Commanders and leaders
- Bogusław Shashkevych Viktor Kurmanovych: Jan Romer

Units involved
- Ukrainian Galician Army Northern group;: Polish Military Organisation Operational group "Bug";

Strength
- Unknown: 6,000

Casualties and losses
- Unknown: Heavy combat losses; 50 captured

= Battle of Zhovkva =

Battle of the Polish–Ukrainian War

The Battle of Zhovkva (Ukrainian: Битва під Жовквою) was a battle that took place between the Ukrainian Galician Army and the Polish army for the strategically important city of Zhovkva during the Polish–Ukrainian War from 6 to 11 January 1919 as a part of larger Polish offensive against the UGA.

== Prelude ==

Zhovkva was strategically important as it was located on the road to the city of Lviv, which was besieged by Ukrainians.
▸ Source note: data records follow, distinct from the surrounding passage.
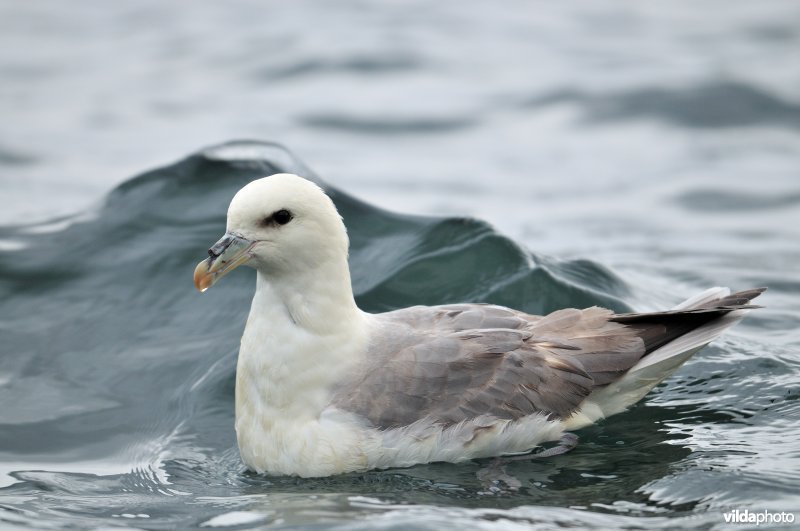 Noordse stormvogel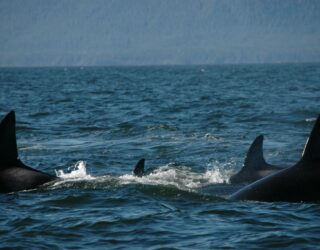 Zeedieren zwemmen bij Tofino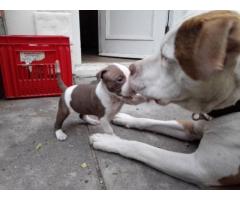 American Red Nose Pitbull puppies for sale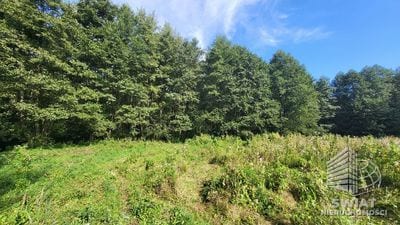 Działka na sprzedaż, Lubiszyn Staw, 40479 m² — INW30966, zdjęcie 6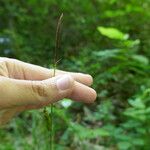 Carex laevigata Floro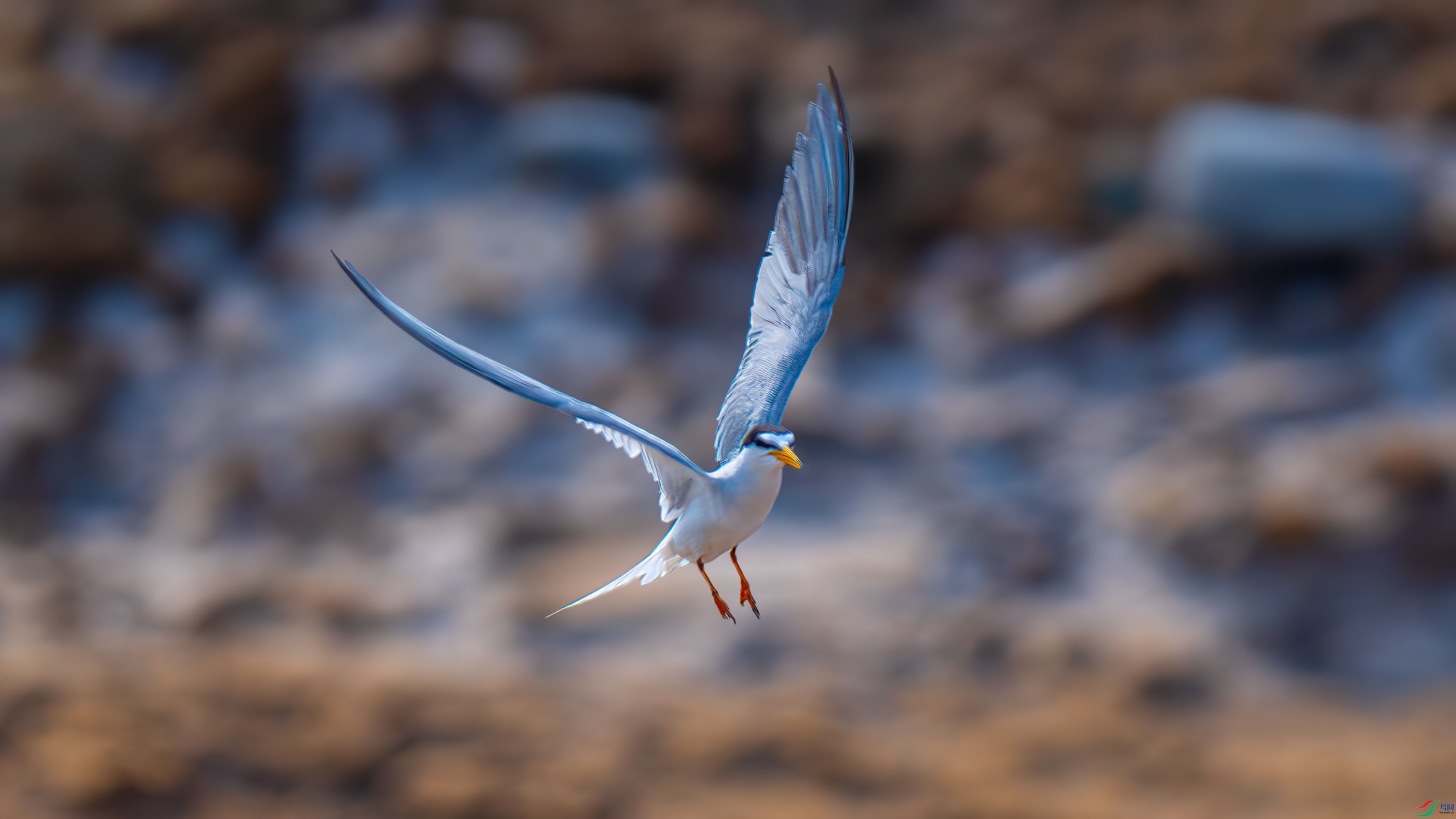 DSC_4391-����ǿ-NR.jpg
In January 1919, Józef Piłsudski ordered to launch an offensive against the Ukrainian forces north and north-east of Lviv to seize Zhovkva-Rawa-Ruska-Lviv line. Polish forces numbered around 6,000 soldiers from the operational group "Bug" led by Jan Romer. Number of Ukrainian soldiers is unknown, but it is known that as of 8 January there was one kurin inside the city.

== Battle ==

On 6 January, the Polish army launched an offensive on Rava-Ruska and Zhovkva with goal of breaking into besieged Lviv.

On 7 January, Ukrainian units led by Boguslav Shashkevych tried to halt the Polish offensive but failed. On the next day, after a short battle, Kurmanovych ordered Ukrainian units inside the city to retreat. Zhovkva, which was located in the rear of the UGA "North" group, was captured by the Polish army, as well as Ugniv and Kulykiv. However, on the same day, Northern group of the UGA counterattacked and recaptured Zhovkva and Kulykiv, thus dissolving the Polish "corridor" to Lviv. Poles managed to temporarily break through to besieged Lviv but after a Ukrainian counterattack they were forced to retreat from Zhovkva.

On 10 January, UGA have recaptured Dubliany and on the next day launched an offensive on Lviv to counter the Polish offensive planned on 14 January.

== Aftermath ==

Polish army suffered heavy casualties – Ukrainian Galician Army captured part of the supply trains with weapons that Polish army was trying to deliver to Lviv. According to Kurmanov, the Polish losses were: 50 POWs, 17 machine guns, 5 cars and several cannons captured. Another attempt to capture Zhovkva and break to Lviv occurred in March 1919 during the Vovchukhiv offensive, but this attempt was also defeated. The city was finally captured by the Poles only on 16 May 1919.